This bill is but one of a suite of measures that the ACCC recommended in its August 2019 report entitled Digital Platforms Inquiry: final report to ensure the sustainability and future of public interest journalism. It recommended media reforms, stable funding for broadcasters, tax incentives and philanthropy measures, among other important initiatives that could help to stop our haemorrhaging media landscape. This bill sets out six main elements to establish a mandatory code of conduct. Firstly, bargaining: this requires the responsible digital platform corporations and registered news business corporations that have indicated an intention to bargain to do so in good faith. Secondly, compulsory arbitration: where parties cannot come to a negotiated agreement about remuneration relating to making available covered news content on designated digital platform services, an arbitral panel will select between two final offers made by the bargaining parties. That is an important way to resolve power differentials in the community interest. Thirdly, general requirements: among other things, this requires responsible digital platform corporations to provide registered news business corporations with advanced notification of planned changes to an algorithm or internal practice that will have a significant effect on covered news content. Fourthly, non-differentiation requirements: responsible digital platform corporations must not differentiate between the news businesses participating in the code or between participants and nonparticipants because of matters that arise in relation to their participation or their nonparticipation in the code.
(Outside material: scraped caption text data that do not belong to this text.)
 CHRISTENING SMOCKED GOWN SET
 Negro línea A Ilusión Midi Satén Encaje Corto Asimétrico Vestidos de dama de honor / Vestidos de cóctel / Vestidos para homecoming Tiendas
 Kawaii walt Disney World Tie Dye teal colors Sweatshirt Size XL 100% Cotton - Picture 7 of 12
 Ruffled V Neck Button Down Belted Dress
Fifthly, contracting out: the bill recognises that a digital platform corporation may reach a commercial bargain with a news business outside the code about remuneration or other matters. It provides that the parties who notify the ACCC of such agreements would not need to comply with the general requirements, bargaining and compulsory arbitration rules, as set out in the agreement. Lastly, standard offers: digital platform corporations may make standard offers to news businesses which are intended to reduce the time and cost associated with negotiations, particularly for smaller news businesses. If the parties notify the ACCC of an agreed standard offer, those parties do not need to comply.
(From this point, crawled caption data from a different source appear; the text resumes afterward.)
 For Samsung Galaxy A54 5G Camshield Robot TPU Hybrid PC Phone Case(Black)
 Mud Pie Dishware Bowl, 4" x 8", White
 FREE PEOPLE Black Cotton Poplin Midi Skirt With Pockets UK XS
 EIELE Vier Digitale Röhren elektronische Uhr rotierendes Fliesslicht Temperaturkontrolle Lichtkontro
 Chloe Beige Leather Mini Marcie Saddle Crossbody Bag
However, despite all that, I am very troubled by certain aspects of this bill. I'm concerned that, during the Senate Economics Legislation Committee inquiry into this bill, concerns were raised about the use of delegated legislation to confer upon the Treasurer a range of powers, including the right to determine a 'designated digital platform service' and a 'designated digital platform corporation' without relevant parliamentary scrutiny. And this move for delegated legislation, giving all the power to one person—in this case, the Treasurer—and taking away the scrutiny of this place, the Australian people's place, where they send us to stand up for them, is just a signature move by this government; it's a concentration of power. I know that within the ranks of my great party, the Labor Party, and also the Liberal and National parties there are great concerns about the erosion of the democratic traditions that underpin good governance in this country. The Prime Minister doesn't seem worried about it, and it seems the Treasurer loves getting his delegated legislation, so maybe they are the two culprits who need to be accountable.
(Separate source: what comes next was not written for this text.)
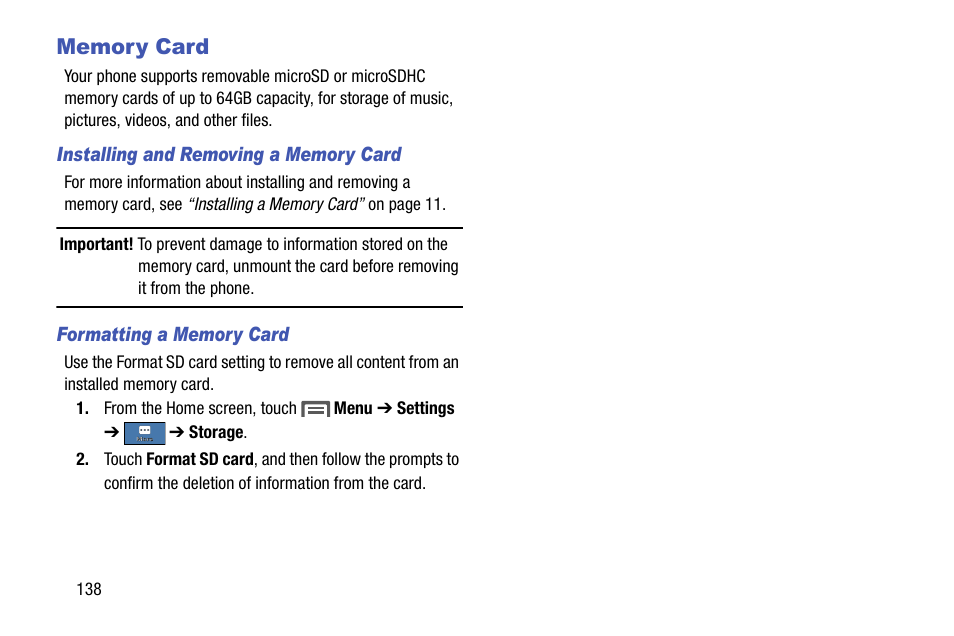 Memory card, Installing and removing a memory card, Formatting a memory card | Samsung SCH-R970ZKAUSC User Manual | Page 144 / 230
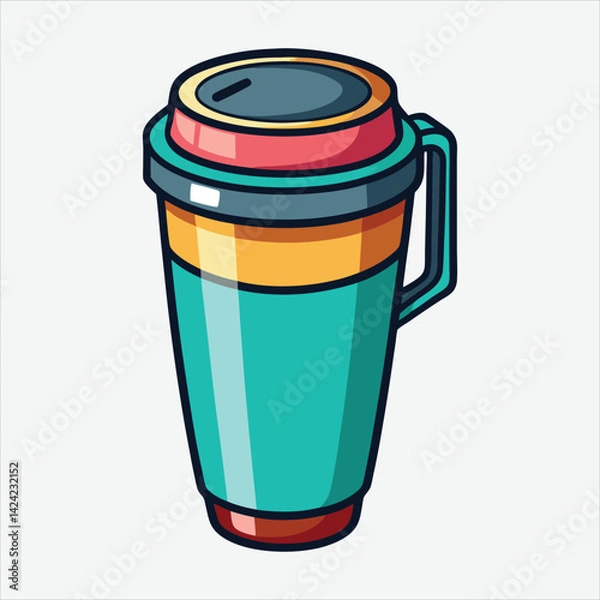 Obraz Thermal travel cup vector.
The Senate Standing Committee for the Scrutiny of Bills labelled the clauses I'm talking about akin to Henry VIII clauses, which authorise delegated legislation to make substantive amendments to primary legislation. Despite writing to the Treasurer with these concerns, they were ignored by Treasurer Frydenberg. Labor supports the bill, because it attempts to arrest the freefall that public interest journalism has found itself in since the rapid expansion of the internet; however, I note the appalling rollout of the legislation, which resulted in Facebook erasing news media from its platform in a stunning slap in the face to the Australian people. For this reason, Labor recommends that the government use precise language in public statements regarding what designations it intends to make under the code. This is in order to save any misunderstanding or unnecessary uncertainty for the media, digital platforms, small businesses, and citizens and consumers who may be impacted.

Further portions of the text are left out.